§ WHAT IS REQUIRED
Answer with one figure only, the number of lines below in which "from" occurs.

§ DATA SUPPLIED
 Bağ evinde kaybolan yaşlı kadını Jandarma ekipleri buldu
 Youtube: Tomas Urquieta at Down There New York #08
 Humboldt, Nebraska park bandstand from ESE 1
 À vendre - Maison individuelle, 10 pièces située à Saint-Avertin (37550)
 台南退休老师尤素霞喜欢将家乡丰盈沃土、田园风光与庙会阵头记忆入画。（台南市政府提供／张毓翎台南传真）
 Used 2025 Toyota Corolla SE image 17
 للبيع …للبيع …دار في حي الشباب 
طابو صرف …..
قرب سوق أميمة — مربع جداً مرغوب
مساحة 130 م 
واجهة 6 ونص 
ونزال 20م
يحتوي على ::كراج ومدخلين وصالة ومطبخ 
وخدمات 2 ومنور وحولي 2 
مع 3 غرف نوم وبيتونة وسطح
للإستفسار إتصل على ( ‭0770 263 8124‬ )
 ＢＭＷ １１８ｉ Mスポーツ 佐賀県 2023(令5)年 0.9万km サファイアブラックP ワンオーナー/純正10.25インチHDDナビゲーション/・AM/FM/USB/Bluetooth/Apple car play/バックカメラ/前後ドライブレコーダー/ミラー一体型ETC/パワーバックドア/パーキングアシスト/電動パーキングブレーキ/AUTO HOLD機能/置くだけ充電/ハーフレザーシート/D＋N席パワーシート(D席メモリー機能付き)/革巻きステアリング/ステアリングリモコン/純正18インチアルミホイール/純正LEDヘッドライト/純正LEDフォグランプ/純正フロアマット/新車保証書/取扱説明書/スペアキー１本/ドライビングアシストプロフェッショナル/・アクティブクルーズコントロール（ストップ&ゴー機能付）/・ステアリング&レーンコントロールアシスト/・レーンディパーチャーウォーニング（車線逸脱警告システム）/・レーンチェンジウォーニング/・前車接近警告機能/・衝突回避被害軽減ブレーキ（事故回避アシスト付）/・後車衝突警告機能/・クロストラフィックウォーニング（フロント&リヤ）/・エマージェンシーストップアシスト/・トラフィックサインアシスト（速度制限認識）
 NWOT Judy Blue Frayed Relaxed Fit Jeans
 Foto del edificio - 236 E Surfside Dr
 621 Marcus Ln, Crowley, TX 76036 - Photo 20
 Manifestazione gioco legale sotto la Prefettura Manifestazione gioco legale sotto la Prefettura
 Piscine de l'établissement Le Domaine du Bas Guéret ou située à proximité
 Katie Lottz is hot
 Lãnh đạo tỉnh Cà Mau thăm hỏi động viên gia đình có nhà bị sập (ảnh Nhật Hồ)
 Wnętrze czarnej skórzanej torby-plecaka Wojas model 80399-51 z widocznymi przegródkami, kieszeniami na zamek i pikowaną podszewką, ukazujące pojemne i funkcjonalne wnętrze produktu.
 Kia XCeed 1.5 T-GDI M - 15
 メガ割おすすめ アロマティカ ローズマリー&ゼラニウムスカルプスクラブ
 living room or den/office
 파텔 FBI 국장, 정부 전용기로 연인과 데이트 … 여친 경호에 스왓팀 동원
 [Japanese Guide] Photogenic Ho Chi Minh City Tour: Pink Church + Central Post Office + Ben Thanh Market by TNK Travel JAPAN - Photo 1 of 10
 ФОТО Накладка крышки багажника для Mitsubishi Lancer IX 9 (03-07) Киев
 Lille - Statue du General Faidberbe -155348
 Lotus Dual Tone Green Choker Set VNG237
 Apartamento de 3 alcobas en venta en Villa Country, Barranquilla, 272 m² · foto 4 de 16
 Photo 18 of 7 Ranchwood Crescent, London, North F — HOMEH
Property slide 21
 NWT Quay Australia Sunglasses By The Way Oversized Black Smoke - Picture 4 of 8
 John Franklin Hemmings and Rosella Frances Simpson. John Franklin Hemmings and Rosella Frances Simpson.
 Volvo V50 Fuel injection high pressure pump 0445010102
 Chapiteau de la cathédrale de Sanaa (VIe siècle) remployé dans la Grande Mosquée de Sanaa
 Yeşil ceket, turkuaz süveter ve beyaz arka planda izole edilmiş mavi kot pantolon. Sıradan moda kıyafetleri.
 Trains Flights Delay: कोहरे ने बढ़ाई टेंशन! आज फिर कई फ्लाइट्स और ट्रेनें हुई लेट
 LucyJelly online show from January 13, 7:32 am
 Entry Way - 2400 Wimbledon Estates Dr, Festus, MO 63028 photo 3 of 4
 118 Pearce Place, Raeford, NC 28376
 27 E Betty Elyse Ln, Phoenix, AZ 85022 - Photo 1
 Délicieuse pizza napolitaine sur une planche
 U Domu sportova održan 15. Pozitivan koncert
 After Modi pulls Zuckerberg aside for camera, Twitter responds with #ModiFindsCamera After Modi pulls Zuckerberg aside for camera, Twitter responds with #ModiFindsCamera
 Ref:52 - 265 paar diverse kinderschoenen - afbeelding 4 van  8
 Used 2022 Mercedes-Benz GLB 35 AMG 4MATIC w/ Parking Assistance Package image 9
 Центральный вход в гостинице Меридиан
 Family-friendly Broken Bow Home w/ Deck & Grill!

§ SOLUTION TO THE EXERCISE
2